Outgoing Tate Modern Director Chris Dercon was revealed as the new director of the Volksbühne, Berlin in April 2015. Photo: 1:54 Contemporary African Art Fair via YouTube.

Things haven’t exactly gone smoothly for outgoing Tate Modern director Chris Dercon since it was announced that he will take over Berlin’s storied Volksbühne theater next year. Now he’s been dealt another setback after the German capital’s senate rejected a €500,000 ($559,000) funding request for a cultural project.

In its third meeting of 2016 the charitable committee of Berlin’s Lottery Foundation chaired by Berlin’s governing mayor Michael Müller distributed €18.5 million ($20 million) to 35 projects promoting society, sports education, integration, and culture. And Dercon’s project wasn’t among those that received a grant.
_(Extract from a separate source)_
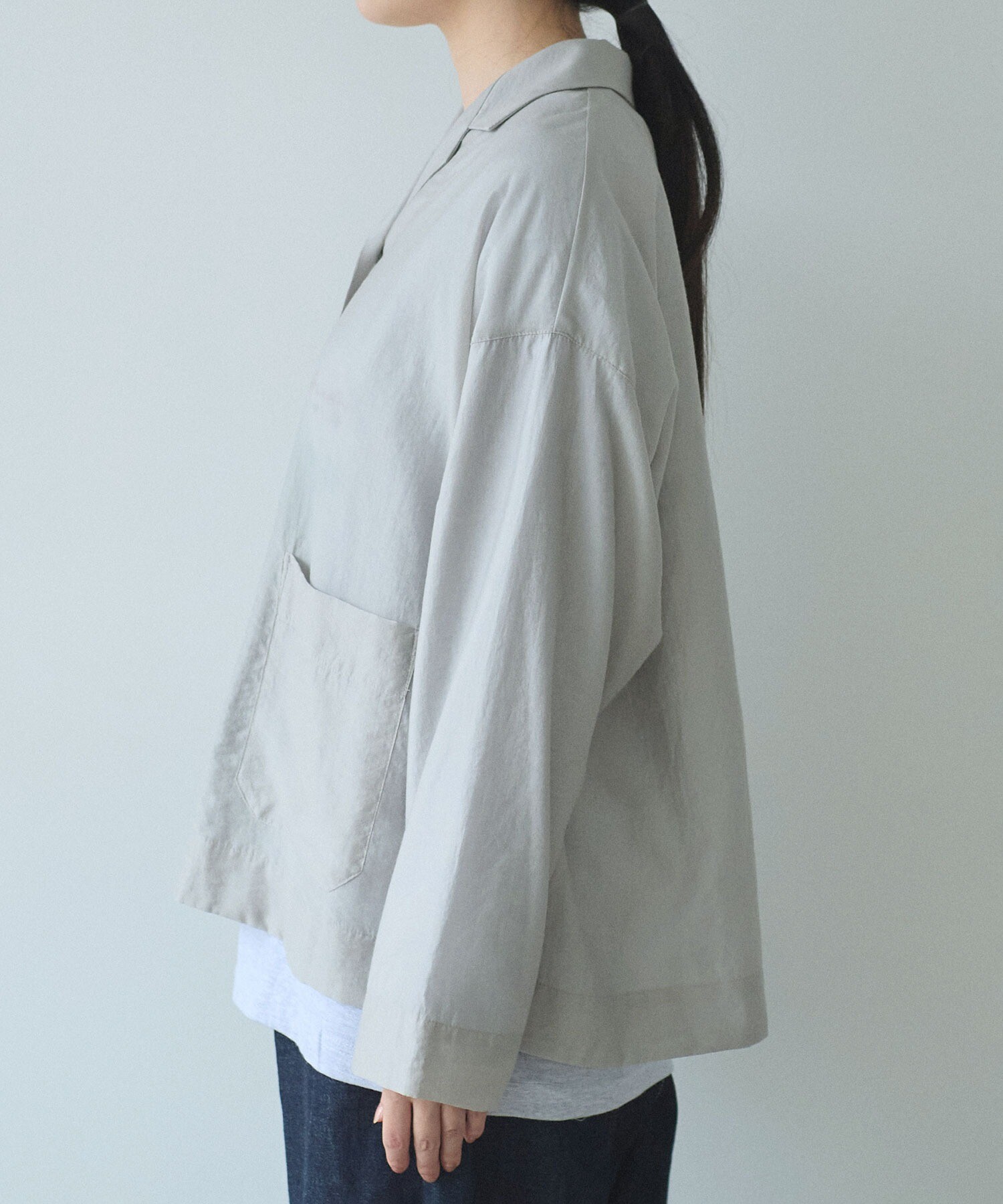 AMBIDEX Store ○sheer シャツジャケット(F グレー): yuni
The incoming director’s proposal for staging a project with refugees on the grounds of the former Tempelhof airport was rejected in order to obtain more detailed information. However, according to the German daily Tagesspiegel, the proposal will be reconsidered by the committee at a later date.
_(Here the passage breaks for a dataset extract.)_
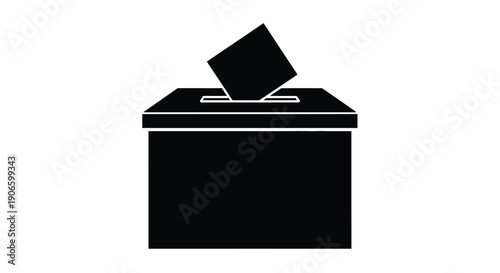 Simple black and white illustration of a ballot box for voting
Volksbühne, Berlin Photo: Wikimedia Commons

Volksbühne, Berlin
Photo: Wikimedia Commons

It’s been a tough year for Dercon who’s appointment by Berlin culture senator Tim Renner was unpopular from the start. His replacement of popular outgoing director of 25 years Frank Castorf provoked criticism from all quarters, with local media questioning Dercon’s suitability for the role (he’s never directed a theater), and the hefty €4.25 million ($4.7 million) budget associated with his appointment. Much of the anger was directed towards the €138,000 ($154,000) set aside for Dercon and program director Marietta Piekenbrock’s salaries and travel expenses for 2016, a year before officially taking up the position.

Making matters worse, in June 172 staffers and actors at the Volksbühne signed an open letter addressed to Berlin’s senate and federal culture minister Monika Grütters criticizing Dercon’s plans for the avant-garde theater as “banal” and “a threat.” The storied institution has always been on the very forefront of contemporary theater and staffers urged that the appointment should be “rethought.”

Projects that were granted funding include Berlin’s Bauhaus Archive, which received €1.1 million ($1.2 million) for the acquisition of the estate of the artist couple Hinnerk and Lou Scheper, and the Schaubühne theater, which received €600,000 ($670,000) towards it’s three-year “theater without borders” project, among others.